The sixth pitfall is the OIDC sub mismatch we walked through earlier: trust policy pinned to one context, the run actually happening in another, and assume role with web identity gets denied. Match the sub to the actual run context, and reach for StringLike when you genuinely need wildcards.

And the seventh pitfall is the scheduled workflow that silently disables itself. Public-repo cron auto-disables after sixty days of repository inactivity, and it only ever runs on the default branch, so your autonomous nightly Claude job can just quietly stop firing one day with no error to catch and no alert to page you.

On cost, keep two separate meters in your head at once. There's GitHub Actions minutes, what you pay for GitHub-hosted runners, and there's Claude API and token cost. They are two different bills. The levers the docs give you are the same ones we've been discussing all episode: use specific at-claude commands instead of broad open-ended ones, cap iterations with max-turns, cap wall-clock time with timeout-minutes, and use concurrency controls to kill redundant runs before they pile up.

And one last practical note on versions before we wrap.
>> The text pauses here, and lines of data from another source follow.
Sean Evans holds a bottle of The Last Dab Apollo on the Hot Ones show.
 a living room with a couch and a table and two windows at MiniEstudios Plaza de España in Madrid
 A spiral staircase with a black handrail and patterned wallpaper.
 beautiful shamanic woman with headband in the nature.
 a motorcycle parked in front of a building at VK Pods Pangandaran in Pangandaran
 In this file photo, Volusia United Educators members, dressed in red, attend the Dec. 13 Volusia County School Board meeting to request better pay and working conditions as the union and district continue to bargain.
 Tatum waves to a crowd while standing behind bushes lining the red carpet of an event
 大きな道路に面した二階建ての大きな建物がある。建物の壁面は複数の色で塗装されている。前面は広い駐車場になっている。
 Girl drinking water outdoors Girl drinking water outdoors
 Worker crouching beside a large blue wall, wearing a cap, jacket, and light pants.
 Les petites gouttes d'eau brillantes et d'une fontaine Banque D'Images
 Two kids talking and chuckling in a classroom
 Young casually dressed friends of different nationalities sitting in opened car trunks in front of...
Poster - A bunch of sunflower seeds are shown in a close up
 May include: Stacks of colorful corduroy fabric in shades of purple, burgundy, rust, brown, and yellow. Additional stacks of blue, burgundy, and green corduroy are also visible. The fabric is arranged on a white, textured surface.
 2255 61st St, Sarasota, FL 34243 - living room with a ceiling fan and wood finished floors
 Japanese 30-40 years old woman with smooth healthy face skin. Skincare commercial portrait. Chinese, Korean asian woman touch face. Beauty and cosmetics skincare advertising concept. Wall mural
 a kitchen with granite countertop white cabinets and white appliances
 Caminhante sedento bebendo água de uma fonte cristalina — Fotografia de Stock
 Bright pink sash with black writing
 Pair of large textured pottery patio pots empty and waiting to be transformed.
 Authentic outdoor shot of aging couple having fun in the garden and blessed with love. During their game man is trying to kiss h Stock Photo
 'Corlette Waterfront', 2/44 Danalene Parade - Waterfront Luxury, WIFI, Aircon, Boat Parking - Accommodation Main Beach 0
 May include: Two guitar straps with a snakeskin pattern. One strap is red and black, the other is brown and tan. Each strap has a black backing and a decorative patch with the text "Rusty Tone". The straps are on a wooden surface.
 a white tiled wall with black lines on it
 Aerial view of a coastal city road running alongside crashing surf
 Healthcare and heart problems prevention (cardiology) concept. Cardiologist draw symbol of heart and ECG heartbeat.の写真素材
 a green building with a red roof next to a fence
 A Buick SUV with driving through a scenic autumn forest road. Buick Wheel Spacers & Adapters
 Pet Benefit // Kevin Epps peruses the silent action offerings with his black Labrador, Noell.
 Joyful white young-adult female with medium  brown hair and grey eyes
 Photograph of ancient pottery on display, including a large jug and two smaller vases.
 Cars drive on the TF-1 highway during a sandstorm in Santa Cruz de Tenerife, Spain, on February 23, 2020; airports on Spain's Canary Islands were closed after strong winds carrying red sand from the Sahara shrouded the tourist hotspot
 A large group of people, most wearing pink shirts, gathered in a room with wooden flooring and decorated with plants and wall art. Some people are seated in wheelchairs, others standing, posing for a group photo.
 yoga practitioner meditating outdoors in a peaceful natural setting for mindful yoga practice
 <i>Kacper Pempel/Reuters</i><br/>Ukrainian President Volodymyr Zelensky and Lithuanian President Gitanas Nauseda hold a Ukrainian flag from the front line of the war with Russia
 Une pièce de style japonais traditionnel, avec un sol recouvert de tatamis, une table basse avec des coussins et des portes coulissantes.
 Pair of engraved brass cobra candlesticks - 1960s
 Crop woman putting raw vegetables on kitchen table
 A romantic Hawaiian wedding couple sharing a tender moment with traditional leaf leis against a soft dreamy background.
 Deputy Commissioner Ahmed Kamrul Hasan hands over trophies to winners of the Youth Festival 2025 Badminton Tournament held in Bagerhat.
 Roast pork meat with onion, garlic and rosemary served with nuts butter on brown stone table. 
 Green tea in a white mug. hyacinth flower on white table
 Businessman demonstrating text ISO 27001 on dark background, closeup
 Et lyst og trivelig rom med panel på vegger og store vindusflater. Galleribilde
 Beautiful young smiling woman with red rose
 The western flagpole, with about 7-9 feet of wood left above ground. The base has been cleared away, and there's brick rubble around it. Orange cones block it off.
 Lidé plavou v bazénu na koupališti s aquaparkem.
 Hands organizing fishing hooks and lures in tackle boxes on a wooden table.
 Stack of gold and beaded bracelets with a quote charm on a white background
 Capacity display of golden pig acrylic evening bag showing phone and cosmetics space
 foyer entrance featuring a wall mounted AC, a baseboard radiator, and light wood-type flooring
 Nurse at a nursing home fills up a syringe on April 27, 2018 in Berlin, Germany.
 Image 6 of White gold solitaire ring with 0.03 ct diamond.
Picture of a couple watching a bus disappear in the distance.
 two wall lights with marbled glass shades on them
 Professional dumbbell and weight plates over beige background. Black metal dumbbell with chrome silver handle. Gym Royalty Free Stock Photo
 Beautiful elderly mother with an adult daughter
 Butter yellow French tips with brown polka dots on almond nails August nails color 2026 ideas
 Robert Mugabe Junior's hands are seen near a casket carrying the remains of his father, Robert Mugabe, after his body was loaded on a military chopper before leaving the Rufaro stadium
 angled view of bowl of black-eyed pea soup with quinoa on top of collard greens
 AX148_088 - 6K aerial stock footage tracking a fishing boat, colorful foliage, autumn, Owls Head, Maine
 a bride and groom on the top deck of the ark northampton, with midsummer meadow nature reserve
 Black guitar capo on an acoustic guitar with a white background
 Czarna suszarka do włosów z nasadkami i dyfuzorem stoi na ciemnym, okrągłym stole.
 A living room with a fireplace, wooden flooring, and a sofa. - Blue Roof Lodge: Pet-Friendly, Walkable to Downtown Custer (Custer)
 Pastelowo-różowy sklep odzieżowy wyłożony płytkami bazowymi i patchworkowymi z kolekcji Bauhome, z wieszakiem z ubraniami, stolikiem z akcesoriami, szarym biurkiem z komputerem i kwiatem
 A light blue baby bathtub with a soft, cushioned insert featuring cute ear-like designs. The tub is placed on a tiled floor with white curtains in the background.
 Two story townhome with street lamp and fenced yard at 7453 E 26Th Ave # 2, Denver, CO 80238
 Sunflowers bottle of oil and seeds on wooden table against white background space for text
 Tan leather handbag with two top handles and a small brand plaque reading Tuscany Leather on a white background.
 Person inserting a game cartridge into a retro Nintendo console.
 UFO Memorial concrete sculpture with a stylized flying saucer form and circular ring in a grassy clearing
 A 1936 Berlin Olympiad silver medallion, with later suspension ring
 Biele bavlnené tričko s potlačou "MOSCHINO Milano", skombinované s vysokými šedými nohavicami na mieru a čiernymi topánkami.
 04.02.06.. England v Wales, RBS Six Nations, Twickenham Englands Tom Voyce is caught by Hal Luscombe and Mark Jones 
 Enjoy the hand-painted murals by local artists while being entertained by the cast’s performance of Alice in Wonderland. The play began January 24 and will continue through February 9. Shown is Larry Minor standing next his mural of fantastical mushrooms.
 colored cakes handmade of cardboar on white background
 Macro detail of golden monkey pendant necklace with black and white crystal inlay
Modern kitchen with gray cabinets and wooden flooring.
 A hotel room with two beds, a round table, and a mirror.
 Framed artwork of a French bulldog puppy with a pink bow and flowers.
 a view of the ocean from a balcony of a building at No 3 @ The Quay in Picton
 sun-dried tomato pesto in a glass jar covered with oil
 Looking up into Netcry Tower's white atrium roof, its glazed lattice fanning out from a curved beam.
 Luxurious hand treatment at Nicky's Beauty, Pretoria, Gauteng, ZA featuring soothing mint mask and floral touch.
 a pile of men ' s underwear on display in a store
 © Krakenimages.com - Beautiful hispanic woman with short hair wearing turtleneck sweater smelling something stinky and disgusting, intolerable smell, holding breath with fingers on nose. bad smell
Pin anthropics slash claude-code-action at v1, actions slash checkout at v4, actions slash create-github-app-token at v2, aws-actions slash configure-aws-credentials at v4, actions slash setup-node at v4, and actions slash cache at v4. For third-party actions especially, the hardened practice is to pin to a full commit SHA rather than a moving tag, so a compromised tag can't silently ship you new code inside your own pipeline. That's your GitHub Actions foundation. Every primitive we covered today, the triggers, the permissions block, the OIDC handshake, the concurrency group, the timeout, is standing in for a decision a human would otherwise make live, in the moment. Declare them well, and the pipeline really does run itself.